Registro inventarial: inv. n. 8377
No capítulo das “Vidas” intitulado Degl´Accademici del Disegno, Giorgio Vasari (1568) escreve:
A Bartolomeo Panciatichi [Bronzino] fece due quadri grandi di Nostre Donne e condotti con infinita diligenza.
“Para Bartolomeo Panciatichi [Bronzino] fez dois quadros grandes de Nossa Senhora, executado com infinita diligência”.
A informação de Vasari é confirmada no Riposo de Raffaelo Borghini (1584), no qual o autor diz ter visto na casa de Carlo, filho de Bartolomeo Panciatichi:
di sua mano [Bronzino] due quadri della Vergine gloriosa con altre figure bellissime…
“de sua mão [Bronzino] dois quadros da Virgem gloriosa com outras figuras belíssimas…”
O brazão da família estampado na bandeira que tremula sobre a fortaleza ao fundo certifica que uma das obras mencionadas por Vasari e Borghini é sem dúvida esta. De resto, a própria fortaleza seria, segundo Aloia, a de Volterra, cidade com a qual os Panciatichi mantinham vínculos tradicionais. A outra Madona a que se refere Vasari seria, segundo Falciani, a Sagrada Família com S. Ana e S. João Batista Menino, conservada no Kunsthistorisches Museum de Viena (inv. n. 183) e assinada por Bronzino.
O plano muito aproximado do compacto grupo sacro é dominado pela grande mancha rosa salmão da Virgem e pela intensa luz que banha o lado direito da cabeça da Virgem e as duas crianças. Ele se recorta sobre uma paisagem montanhosa, árida e sombria ao fundo da qual diversos edifícios sugerem uma cidade fortificada e dominada por um grande batistério de mármore.
A ausência de planos médios que soldem o grupo sacro à paisagem profana, conferindo à composição unidade espacial, é típica de certo desinteresse da pintura florentina destes anos pela explicitação das ortogonais e, por conseguinte, pela afirmação axiomática da precedência ontológica do espaço em relação à figura.

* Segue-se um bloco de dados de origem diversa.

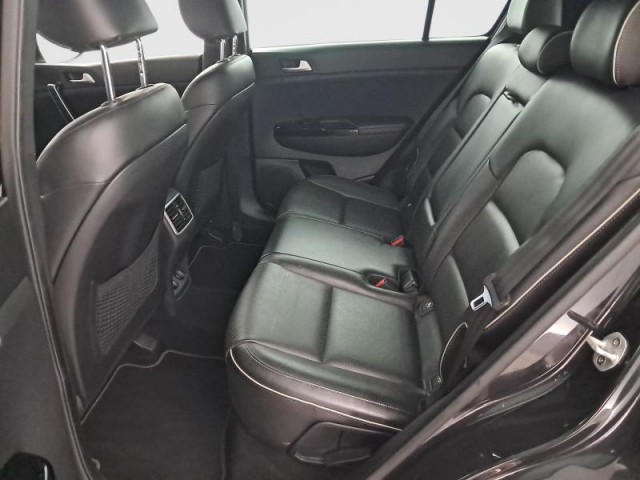 Kia Sportage  2.0 CRDi GT Line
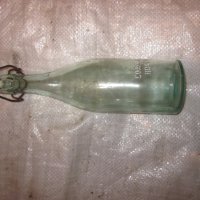 голямо старо шише от содова сода, снимка 10 - Други ценни предмети - 40370063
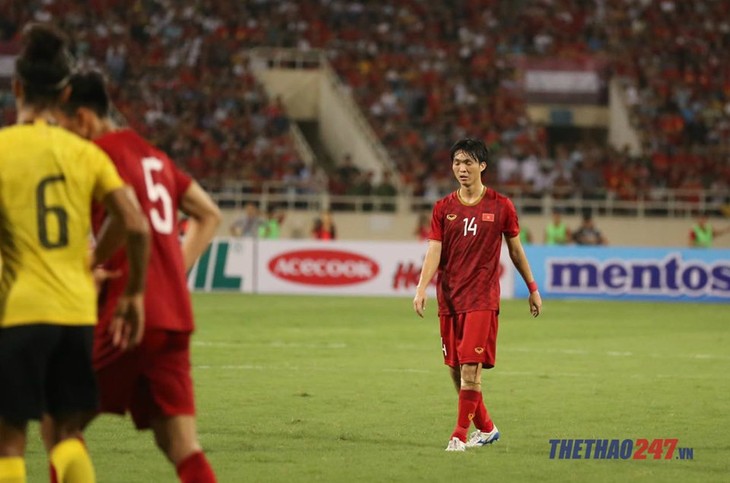 Tuan Anh suffers hamstring injury, could miss match against Indonesia - ảnh 1
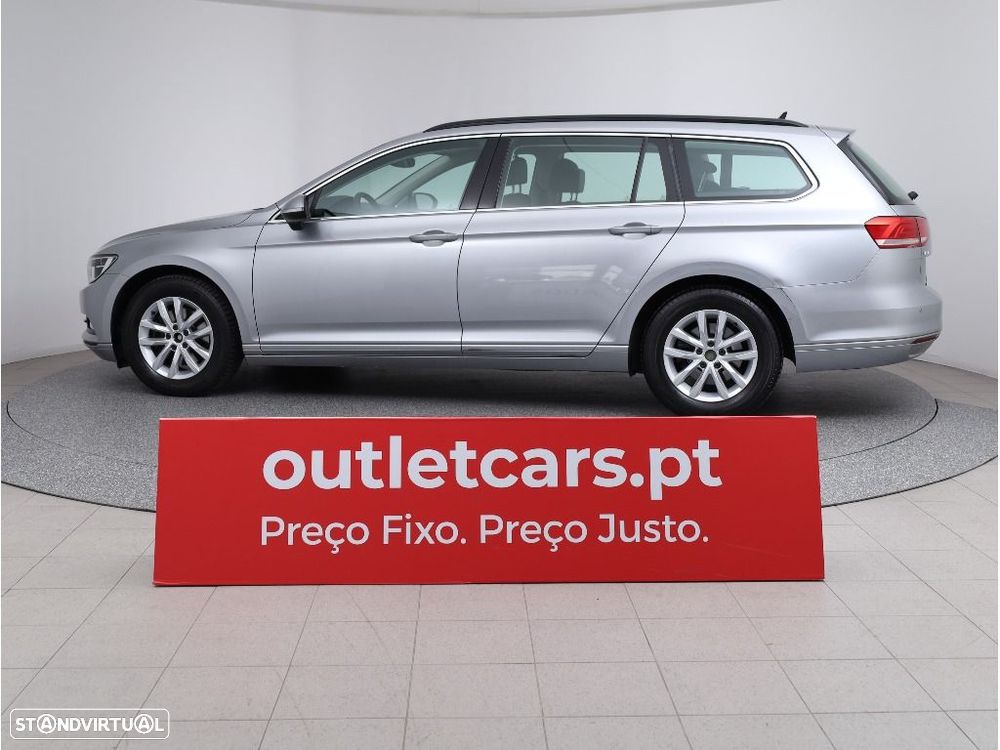 VW Passat Variant 2.0 TDI Business DSG - 8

Em certa medida, este destaque da composição sagrada em relação à sua implantação terrena é indicativo também de um sentimento religioso muito diverso do sugerido pela continuidade entre sagrado e profano da perspectiva quatrocentista.
O tipo da cabeça e do penteado da Virgem, bem como o elegante pescoço alongado, remetem aos de um busto de Vênus, mas o modelo antigo é apropriado por Bronzino com um decoro que anuncia a sensibilidade contro-reformista, e tal é uma das razões que explicam o particular apreço de Raffaelo Borghini por esta obra.